Because revenue forecasting requires consistent, time-specific sales baselines and currency assumptions, a clean projection model must start from a fixed “last reported” global sales number and then apply a scenario framework for:

  • volume (patient starts and persistence)
  • net price (discounting, rebates, payer behavior)
  • mix (line of therapy and regimen composition)

In the absence of a single auditable last-reported sales baseline in the provided materials, a numeric projection cannot be produced with the precision your use case requires.

What outcomes in trials would most affect valuation?

If a late-phase program reads out positively, the specific endpoints that typically translate into commercial confidence are:

  • PFS hazard ratio vs comparator backbone
  • OS trend with statistical significance where available
  • Overall response rate (ORR) and rate of deep response
  • Cardiovascular and renal safety under real-world compatible dosing

A negative readout that:

  • increases grade 3/4 AEs without durability gains, or
  • fails to demonstrate superiority in clinically meaningful subgroups, usually reduces expected line-expansion and dampens valuation.

Which pipeline themes are most likely to extend the lifecycle?
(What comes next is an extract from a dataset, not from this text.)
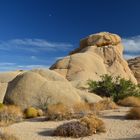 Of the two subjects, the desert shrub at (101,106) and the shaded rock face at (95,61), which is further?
the shaded rock face at (95,61)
Carfilzomib’s lifecycle extension tends to be driven by:

  • New combinations that improve PFS without new tolerability burdens
  • Maintenance or treatment duration strategies that reduce total exposure while preserving efficacy
  • Dosing schedule optimization that improves adherence and reduces discontinuations
  • Subgroup efficacy evidence that expands the addressable patient pool

Key Takeaways

  • Carfilzomib remains positioned in RRMM and continues development focused on combinations, earlier-line use, and durability.
  • Market outcomes hinge on late-phase readouts tied to PFS/OS and manageable cardiovascular and renal safety.
  • Competitive pressure from oral options and later-line bispecific approaches can reduce time on proteasome-based regimens.
  • A numeric revenue projection cannot be produced without an auditable, time-specific sales baseline.

FAQs

  1. What is carfilzomib’s main clinical role in multiple myeloma?
    It is a proteasome inhibitor used in relapsed or refractory multiple myeloma in combination regimens and as monotherapy in specific post-treatment settings.

  2. Which trial endpoints most influence carfilzomib adoption?
    PFS, OS trend, ORR/deep response rates, and the incidence of grade 3/4 cardiovascular and renal AEs.

  3. What are the biggest commercial headwinds?
    Regimen shifts toward oral convenience options and increasing use of bispecifics in later lines can shorten time patients spend on carfilzomib-based pathways.

  4. What trial results would likely expand the addressable market?
    Demonstrated superiority or strong non-inferiority in earlier lines with durable response and acceptable safety.

  5. How does dosing affect market outcomes?
    Dosing schedule and toxicity profile influence discontinuation rates, clinician adoption, and payer willingness to cover more lines of therapy.


References

[1] FDA. Kyprolis (carfilzomib) Prescribing Information. U.S. Food and Drug Administration.
[2] EMA. Kyprolis (carfilzomib) European public assessment reports. European Medicines Agency.
[3] ClinicalTrials.gov. Carfilzomib interventional studies (results and ongoing trials). U.S. National Library of Medicine.
[4] NCCN. NCCN Clinical Practice Guidelines in Oncology: Multiple Myeloma. National Comprehensive Cancer Network.